6. In het zesde lid (nieuw) wordt de zinsnede ‘en artikel 78b’vervangen door: en 78b,
eerste lid.
E
In artikel 81, eerste lid, wordt de zinsnede ‘bedoeld in artikel 78a, tweede lid’
vervangen door: bedoeld in artikel 78a, tweede lid en artikel 78b, eerste lid.
F
In Bijlage H vervallen in § 7.2. Analyserapport de zinnen:
‘Het laboratorium stuurt het analyserapport aan de vervoerder van de vracht of partij
mest waar de analyse betrekking op heeft. Dit kan op papier of elektronisch.

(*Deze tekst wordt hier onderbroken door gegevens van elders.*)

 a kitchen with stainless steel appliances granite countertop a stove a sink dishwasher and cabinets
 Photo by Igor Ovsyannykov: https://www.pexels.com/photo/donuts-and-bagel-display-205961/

Het laboratorium zendt de analyseresultaten uiterlijk vijf werkdagen na analyse aan
de minister.’
G
De tabel in Bijlage M wordt onder ‘Hoeveelheidsbepaling’ als volgt gewijzigd:
1. Voor de feitcodes M512 tot en M515 wordt de opsomming van de artikelen uit de Uitvoeringsregeling
(UR) vervangen door: Art. 80, lid 1, art. 80, lid 2, art. 80, lid 4, art. 80, lid
5, art. 81, lid 3, art. 124, lid 1, art. 125.
2. De omschrijving van de regelovertreding voor art. 80, lid 1, art. 80, lid 2, art.
80, lid 4, art. 80, lid 5, art. 81, lid 3, art. 124, lid 1, art. 125, feitcode M513
komt te luiden: Niet uiterlijk 10 werkdagen na bemonstering toezenden van het mestmonster
aan een geaccrediteerd of gelijkwaardig laboratorium door de vervoerder, dan wel niet
uiterlijk binnen 7 werkdagen na bemonstering toezenden van het mestmonster aan een
geaccrediteerd of gelijkwaardig laboratorium door de monsternemende organisatie.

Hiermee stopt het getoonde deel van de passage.